> [DIRECTIONS FOR THIS TASK]:
Copy out again, unchanged, the listing below from the line that has "Noodle Lover Gifts" through the line that has "vīriešiem Quiksilver Cramond".

++++ EXERCISE INPUTS ++++

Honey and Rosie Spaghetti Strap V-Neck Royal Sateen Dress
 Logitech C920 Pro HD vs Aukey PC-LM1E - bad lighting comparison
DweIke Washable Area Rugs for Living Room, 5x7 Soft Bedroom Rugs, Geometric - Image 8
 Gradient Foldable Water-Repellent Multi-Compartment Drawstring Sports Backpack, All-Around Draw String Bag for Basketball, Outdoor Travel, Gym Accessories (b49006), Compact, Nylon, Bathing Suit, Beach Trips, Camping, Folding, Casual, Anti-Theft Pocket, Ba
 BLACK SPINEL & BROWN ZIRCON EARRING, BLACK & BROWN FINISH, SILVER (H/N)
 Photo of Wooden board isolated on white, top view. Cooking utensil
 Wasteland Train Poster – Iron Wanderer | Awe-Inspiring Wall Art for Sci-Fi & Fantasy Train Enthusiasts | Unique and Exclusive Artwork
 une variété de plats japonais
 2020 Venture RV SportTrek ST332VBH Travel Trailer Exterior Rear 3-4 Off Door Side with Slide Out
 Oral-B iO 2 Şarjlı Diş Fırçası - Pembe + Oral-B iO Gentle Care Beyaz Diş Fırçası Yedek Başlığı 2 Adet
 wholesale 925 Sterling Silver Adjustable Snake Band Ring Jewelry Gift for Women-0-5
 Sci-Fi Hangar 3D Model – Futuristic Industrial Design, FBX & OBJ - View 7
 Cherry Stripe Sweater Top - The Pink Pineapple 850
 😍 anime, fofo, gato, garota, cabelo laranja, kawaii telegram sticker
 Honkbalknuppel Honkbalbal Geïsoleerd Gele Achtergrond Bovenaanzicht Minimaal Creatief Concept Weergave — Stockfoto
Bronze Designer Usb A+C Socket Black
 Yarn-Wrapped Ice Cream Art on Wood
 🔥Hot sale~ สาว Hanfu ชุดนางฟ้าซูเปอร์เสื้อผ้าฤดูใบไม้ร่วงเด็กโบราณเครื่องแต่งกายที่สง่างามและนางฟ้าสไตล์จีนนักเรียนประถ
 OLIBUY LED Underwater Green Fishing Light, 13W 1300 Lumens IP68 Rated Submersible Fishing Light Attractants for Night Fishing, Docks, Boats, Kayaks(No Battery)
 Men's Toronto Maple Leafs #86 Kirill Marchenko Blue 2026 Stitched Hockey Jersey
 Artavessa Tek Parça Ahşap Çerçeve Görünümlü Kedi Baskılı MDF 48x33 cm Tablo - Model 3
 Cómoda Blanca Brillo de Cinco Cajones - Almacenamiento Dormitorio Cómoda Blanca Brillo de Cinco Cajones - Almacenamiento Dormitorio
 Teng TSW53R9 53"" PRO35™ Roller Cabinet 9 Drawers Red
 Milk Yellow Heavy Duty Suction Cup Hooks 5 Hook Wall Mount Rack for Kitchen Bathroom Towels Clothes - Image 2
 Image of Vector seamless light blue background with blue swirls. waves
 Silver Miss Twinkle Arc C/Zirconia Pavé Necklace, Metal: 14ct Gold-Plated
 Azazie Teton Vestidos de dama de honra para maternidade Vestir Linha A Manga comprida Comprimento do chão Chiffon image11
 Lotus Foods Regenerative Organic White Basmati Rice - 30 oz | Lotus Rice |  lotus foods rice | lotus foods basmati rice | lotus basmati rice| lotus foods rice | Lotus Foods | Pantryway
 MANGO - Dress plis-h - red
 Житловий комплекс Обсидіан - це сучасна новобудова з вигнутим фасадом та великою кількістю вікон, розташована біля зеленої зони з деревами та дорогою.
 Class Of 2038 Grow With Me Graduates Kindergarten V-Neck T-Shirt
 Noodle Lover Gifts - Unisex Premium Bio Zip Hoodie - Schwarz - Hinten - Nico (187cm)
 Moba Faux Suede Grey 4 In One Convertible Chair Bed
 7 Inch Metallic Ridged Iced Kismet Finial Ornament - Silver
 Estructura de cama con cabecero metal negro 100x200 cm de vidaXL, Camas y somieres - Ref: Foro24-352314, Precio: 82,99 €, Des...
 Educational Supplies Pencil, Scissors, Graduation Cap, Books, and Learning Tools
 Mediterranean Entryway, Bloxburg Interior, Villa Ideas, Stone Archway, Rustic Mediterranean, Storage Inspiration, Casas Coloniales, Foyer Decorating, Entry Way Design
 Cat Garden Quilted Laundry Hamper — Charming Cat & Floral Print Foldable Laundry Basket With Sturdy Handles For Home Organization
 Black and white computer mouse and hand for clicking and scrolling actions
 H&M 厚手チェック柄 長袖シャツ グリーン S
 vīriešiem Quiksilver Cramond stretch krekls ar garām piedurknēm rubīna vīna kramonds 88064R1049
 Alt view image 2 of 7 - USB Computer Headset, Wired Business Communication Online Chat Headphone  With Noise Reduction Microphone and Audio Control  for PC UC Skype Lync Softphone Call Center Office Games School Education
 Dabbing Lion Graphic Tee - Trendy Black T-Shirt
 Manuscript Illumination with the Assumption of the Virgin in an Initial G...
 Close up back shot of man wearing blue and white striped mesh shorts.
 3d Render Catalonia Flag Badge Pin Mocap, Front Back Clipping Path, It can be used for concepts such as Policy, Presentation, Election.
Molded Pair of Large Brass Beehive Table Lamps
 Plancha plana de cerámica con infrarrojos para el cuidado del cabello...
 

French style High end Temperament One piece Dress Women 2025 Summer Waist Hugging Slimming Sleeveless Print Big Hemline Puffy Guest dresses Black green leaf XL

++++

> [TASK RESPONSE]:
 Noodle Lover Gifts - Unisex Premium Bio Zip Hoodie - Schwarz - Hinten - Nico (187cm)
 Moba Faux Suede Grey 4 In One Convertible Chair Bed
 7 Inch Metallic Ridged Iced Kismet Finial Ornament - Silver
 Estructura de cama con cabecero metal negro 100x200 cm de vidaXL, Camas y somieres - Ref: Foro24-352314, Precio: 82,99 €, Des...
 Educational Supplies Pencil, Scissors, Graduation Cap, Books, and Learning Tools
 Mediterranean Entryway, Bloxburg Interior, Villa Ideas, Stone Archway, Rustic Mediterranean, Storage Inspiration, Casas Coloniales, Foyer Decorating, Entry Way Design
 Cat Garden Quilted Laundry Hamper — Charming Cat & Floral Print Foldable Laundry Basket With Sturdy Handles For Home Organization
 Black and white computer mouse and hand for clicking and scrolling actions
 H&M 厚手チェック柄 長袖シャツ グリーン S
 vīriešiem Quiksilver Cramond stretch krekls ar garām piedurknēm rubīna vīna kramonds 88064R1049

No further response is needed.